The Discreet Charm of the Bourgeoisie at the Cheri Complex

EVEN AT THE AGE of 72, Luis Bunuel does not make movies, surrealistic or not, that are intelligible to all. The difficulty with Bunuel's new film, The Discreet Charm of the Bourgeoisie, is that it is possible to enjoy it without being certain how to react to it. The first audience one night recently left the movie bemused and unconvinced. A couple admired it, saying "That's wild," then wondered, "What's he doing?" The next audience that evening never stopped laughing. One might well ask, as does one confused character when caught in an uncomfortable situation midway through the movie, "Is this a joke?" And to that, Bunuel would have answered yes.

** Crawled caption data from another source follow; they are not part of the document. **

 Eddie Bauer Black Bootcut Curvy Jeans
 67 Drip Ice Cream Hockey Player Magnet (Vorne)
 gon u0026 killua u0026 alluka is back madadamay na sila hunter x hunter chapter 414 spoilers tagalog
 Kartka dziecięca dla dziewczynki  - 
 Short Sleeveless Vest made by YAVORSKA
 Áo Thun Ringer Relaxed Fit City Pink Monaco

At stake in The Discreet Charm of the Bourgeoisie are the attenuated meals that six characters (Fernando Ray, Bulle Ogier, Raul Frankeur, Delphine Segrig, Jean-Pierre Cassel, Stephane Audran) never finish. A misunderstanding--guests arriving a day in advance for a dinner party--is the movie's premise and from it follow seven meals, each real or fantasy, all of which are interrupted by events, again either actual or imagined. The causes for the disruptions are as absurd as they are unexplained--the hosts making love while their guests wait, a funeral, a French military battalion, imprisonment for drug trafficking, and, on occasion, murder. All these scenes of action an inaction, which are not marked as dream or actuality, are strung together by the metaphor of all six bourgeois marching determinedly along a country road in the middle of nowhere.

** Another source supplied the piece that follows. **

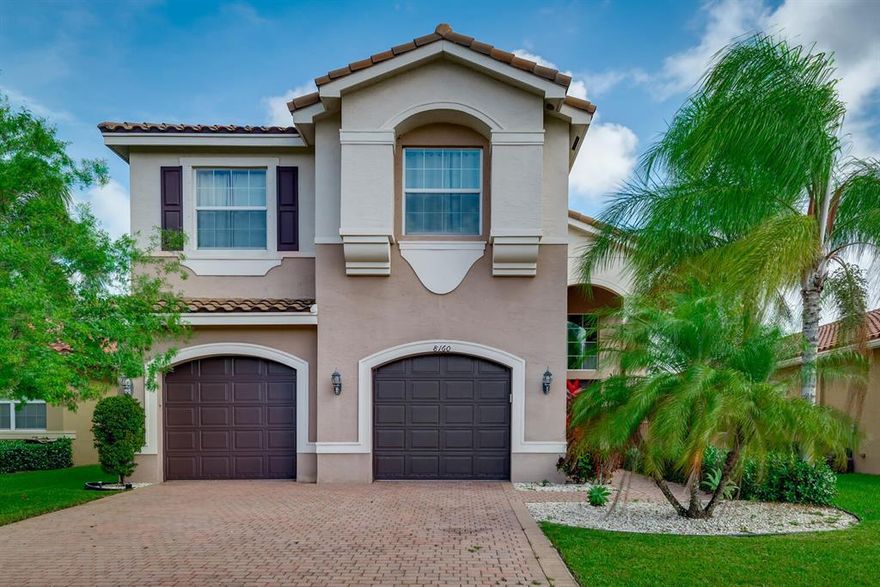 ELEGANT,LIGHT/BRIGHT 5/3, 2 STORY HOME IN GATED COMMUNITY. 1  
BEDROOM & 1FULL BATH ON THE FIRST FLOOR! LARGE FULL LIVING ROOM WITH OPEN KITCHEN CONCEPT,GRANITE/GLASS BACKSPLASH,STAINLESS STEEL APPLIANCES, FORMAL DINING ROOM AND FORMAL LIVING ROOM WITH CUSTOM MADE BAR AND VINE COOLER, ELEGANT IRON ROD STAIRCASE TO UPSTAIRS. UPGRADED BEAUTIFULL WOOD FLOORING THROUGHOUT MASTER BEDROOM.MASTER BATH HAS SEPARATE TUB AND SHOWER WITH CUSTOM MADE GLASS WALL BY TUB. SPACIOUS HIS&HERS CUSTOM MADE CLOSETS. CROWN MOLDINGS ALL THROUGH OUT THE HOME INCLUDING WALL AND CEILINGS.EVERYTHING IS UPGRADED WITH HIGH END EXTRAS.IT IS LOCATED ON A WIDE WATERWAY. A COVERED PORCH FOR RELAXING AND GRILLING. FABULOUS CLUBHOUSE, POOL, TENNIS, AND SOO MUCH MORE. NO APPRAISAL CONTINGENCY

We can gather that the three men, including Raphael, Ambassador to France from the Republic of Miranda, make a profit on the sly by smuggling cocaine across French customs in the diplomatic pouch. Raphael is also engaged in illicit though indifferent, lovemaking with his friend Francois's blond wife. Supposed terrorists pursue Raphael, who disposes of them as callously as he does the affairs of his state. Later all three couples are released from imprisonment on a drug trafficking charge by a discreet phone call from the French secretary, whom Raphael quickly invites to visit his country in return for the favor.

LIKE THE INCOMPLETE MEALS which contain the action, a series of dreams act as additionally interlocking frames for the plot. The dreams are irrational, perverse, anarchic, and profane. A cavalry lieutenant interrupts the three women at their tea (though the restaurant, out of tea and coffee, serves only water), asking, "Did you have an unhappy childhood?" After recounting his own childhood when he poisoned his father, he abruptly excuses himself from the table. The film's fantasies are not only random and incidental like that of the cavalry officer's, but also structure our perceptions of the characters by revealing their common anxieties. Francois dreams they were invited to a dinner party which turned out to be part of a stageplay. The six diners beat a hasty retreat leaving Henri before the theater lights agonizing that he has forgotten his lines.

No sort of conduct eludes Bunuel's austere sense of outrage. An atheist who once remarked "I do not believe, thank God," Bunuel in his film mocks his own disgust at the corrupt and rigid structure of the Catholic Church. Though the sins of the clergy in this movie are venial and not carnal, they are still exposed. A bishop, on his way to give a dying man absolution, meets a peasant woman who whispers, "Father, I want to tell you something. I don't like Jesus Christ...Ever since I was a little child, I have hated him." Aghast, the bishop asks, "What? Such a kind, gentle God? How is this possible?" After the bishop administers the last sacraments to a man, who, it happens, killed his father and mother, saying to the sinner, "God in his kindness forgives the most hardened criminals," he then murders him.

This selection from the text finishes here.